Avantages
- I was fortunate enough to work with some good, hard working coworkers until they would eventually leave and replaced with gradually less bearable people with very little common sense or knowledge of proper installation, programming, and/or servicing of the products. They simply don't have the ability to keep a strong team intact.
Inconvénients
- Unfair compensation. They continue to pay below market regardless of how many hours you work, how many certifications you gain, or how much additional responsibilities you take on.
- Terrible insurance. It's just a joke, not much else needed to understand poor insurance plans.
- Lazy management. Except for one individual, I never once saw someone from the office help with the work load. If your service backlog is stacking up and you have the knowledge then pull up your bootstraps and help the company keep their customers happy.

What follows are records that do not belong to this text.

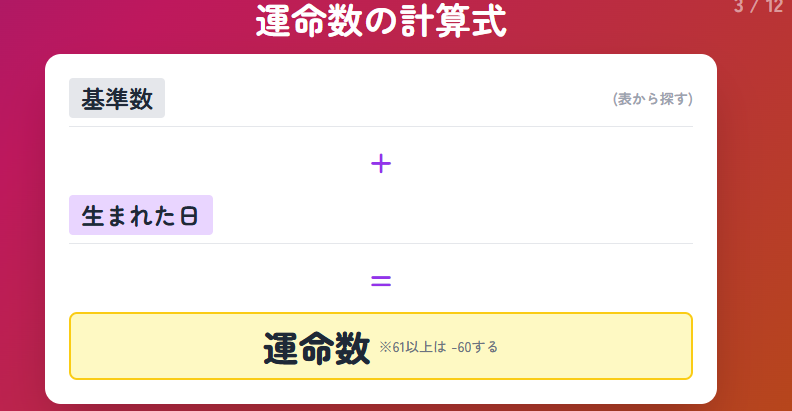 運命数の計算ステップ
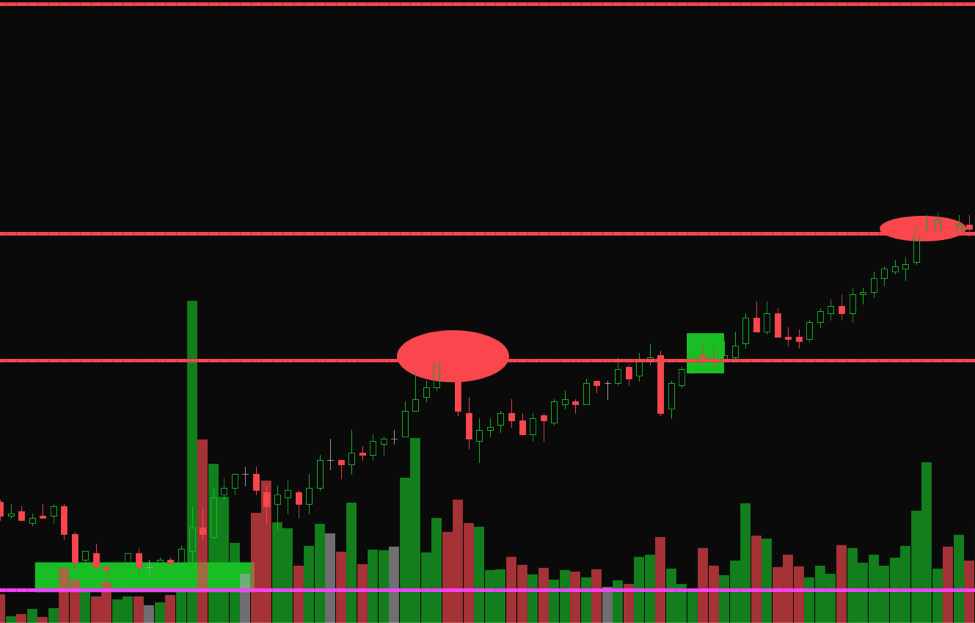 trade like a machine 1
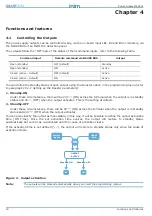 Preview for 12 page of INIM SmartLevel SPS24060G Installation And Programming Manual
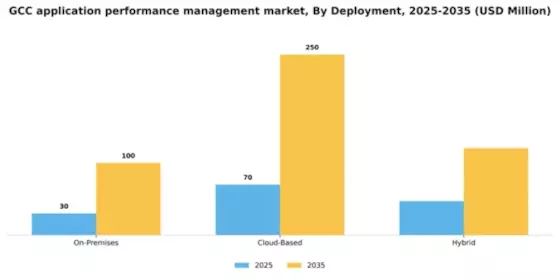 GCC Application Performance Management Market Segment Image 0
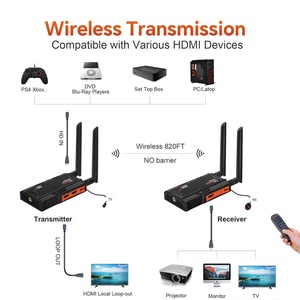 250M Full HD 1080P Dual Band Low Latency <b>Wireless</b> <b>Transmitter</b> Receiver HDCP 1.4 for Camera Streaming Church Photography - Product Image 5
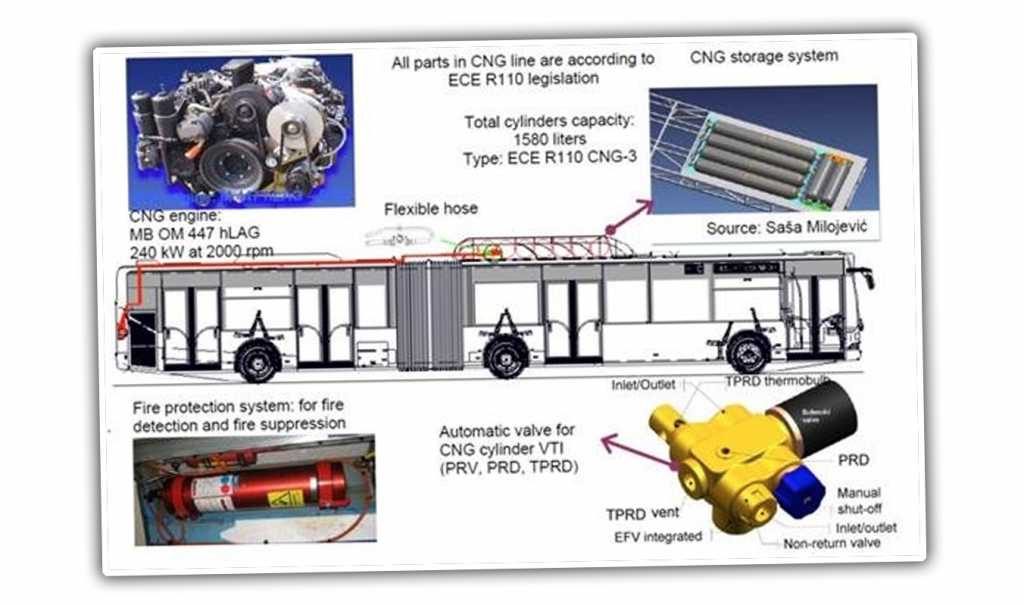 Why This Natural GasPowered Bus Shooting Gigantic Columns Of Flame Is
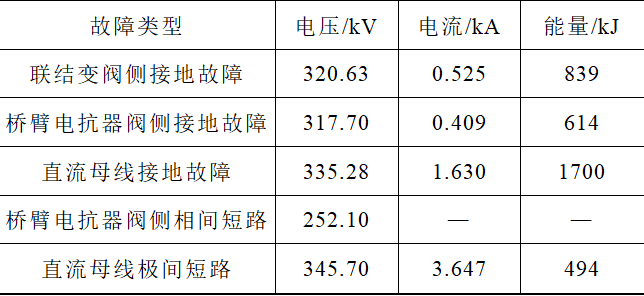 基于模塊化多電平換流器的背靠背柔性直流換流站絕緣配合方案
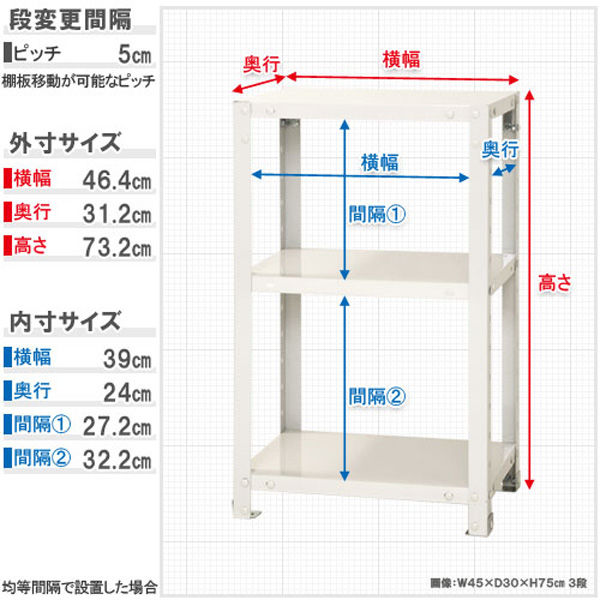 北島 スマートラック用追加棚板 NSTR700×400 ホワイト NSTR-700X400-W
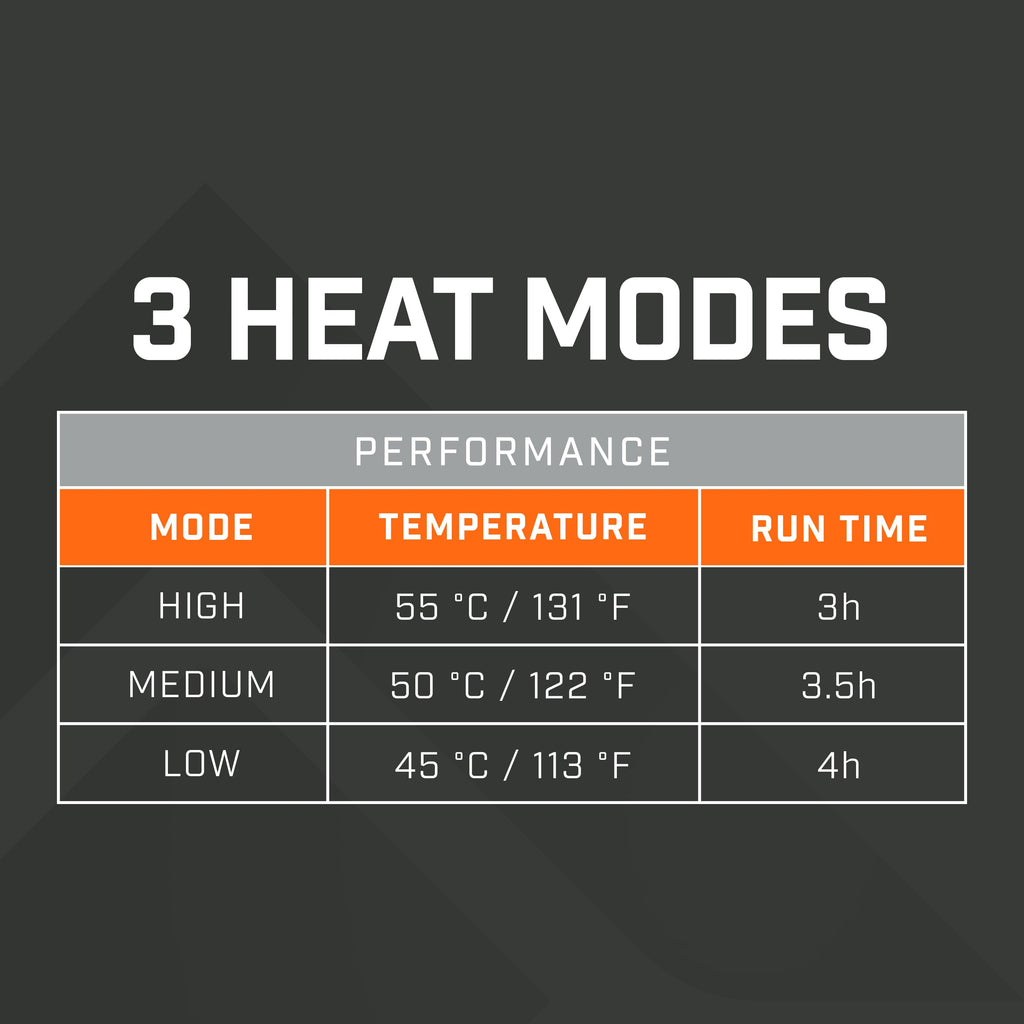 Heated Wrap 2.0 | Rechargeable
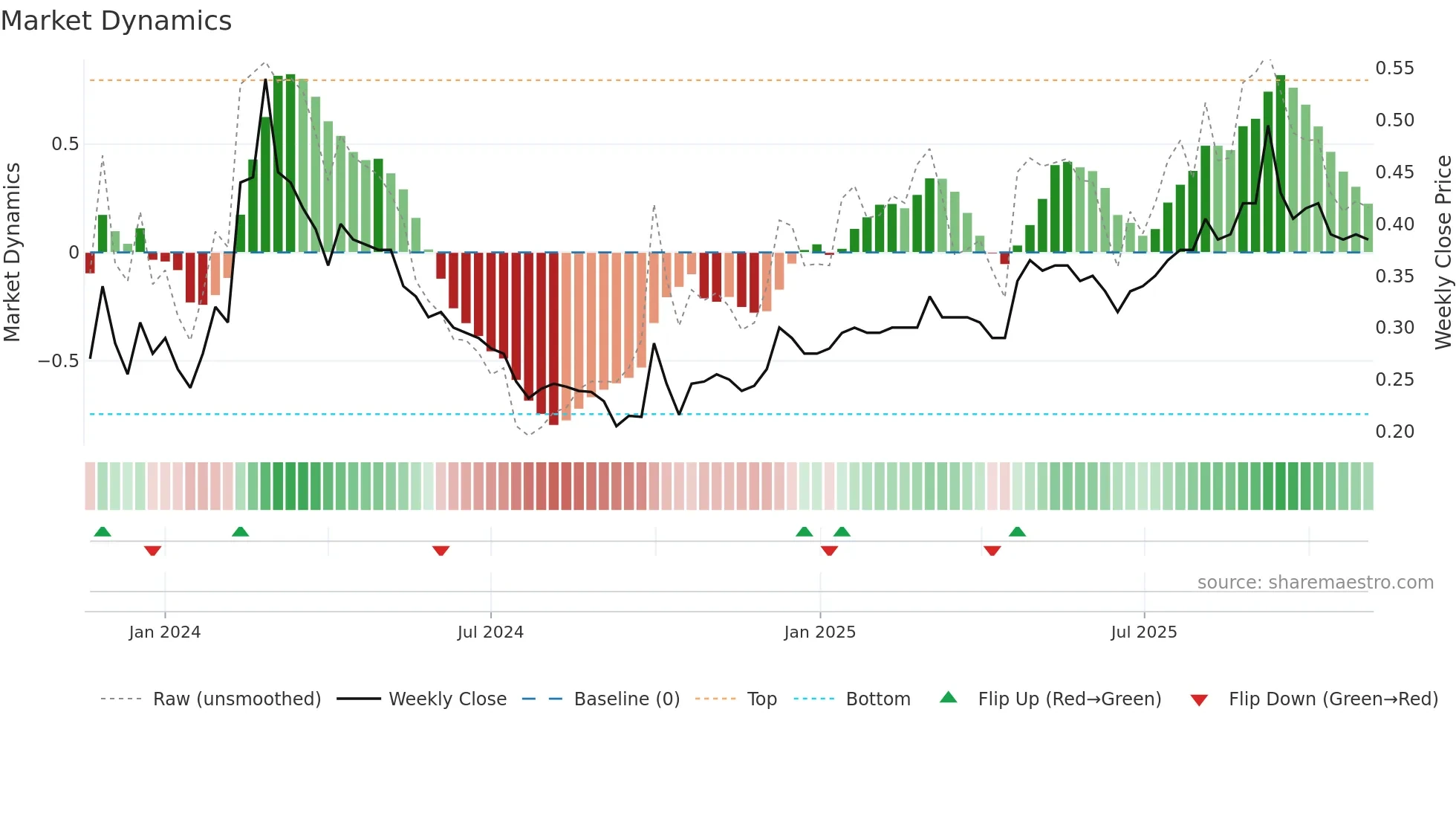 1317 weekly Market Dynamics chart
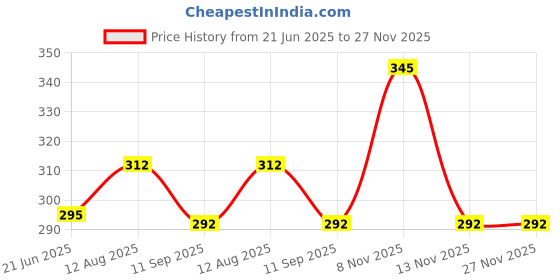 amazon.in dixcy scott Men's Cotton Brief (Pack of 3) dixcy scott Price History Graph from 21 Jun 2025 to 27 Nov 2025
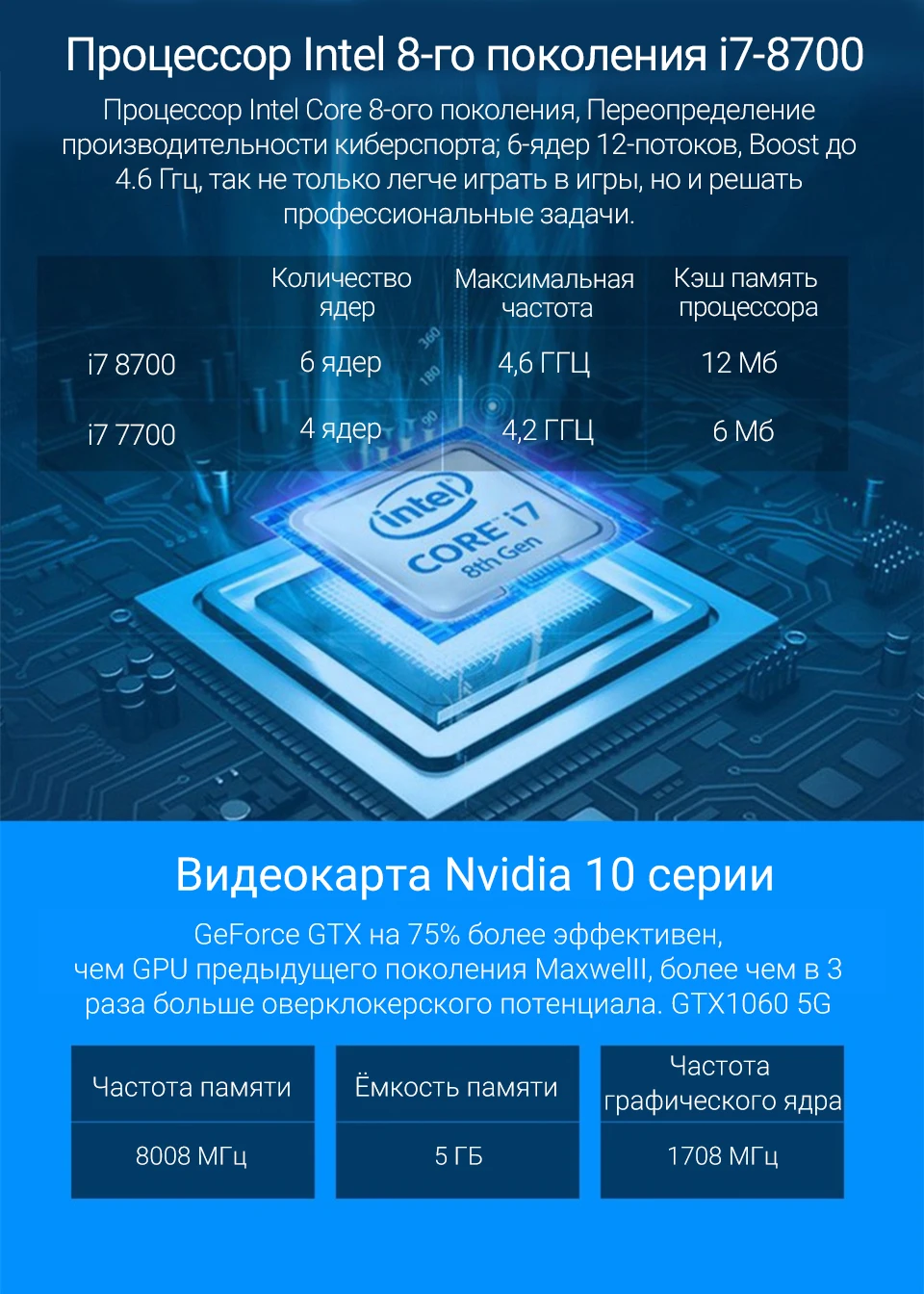 Игровой компьютер KOTIN GBW-1/ intel I7 8700/8ГБ DDR4/GTX1060/240ГБ SSD+1ГБ/Dos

- Salesman sell dreams, no reality. If you sell a certain product make sure you understand it's abilities and limitations. Selling a customer a system with the promise that it'll open the door for them using facial recognition when the most it can do is take a physically pressed code to unlock is ridiculous. This is a bit of an exaggeration, but it isn't far from reality with the promises made and then having the customer upset with the technician that the system isn't doing what they were promised it would.
- Poor leadership. There is no leadership, there is only lazy people who have snaked their way up the ladder barking orders to underpaid, overworked, under appreciated technicians.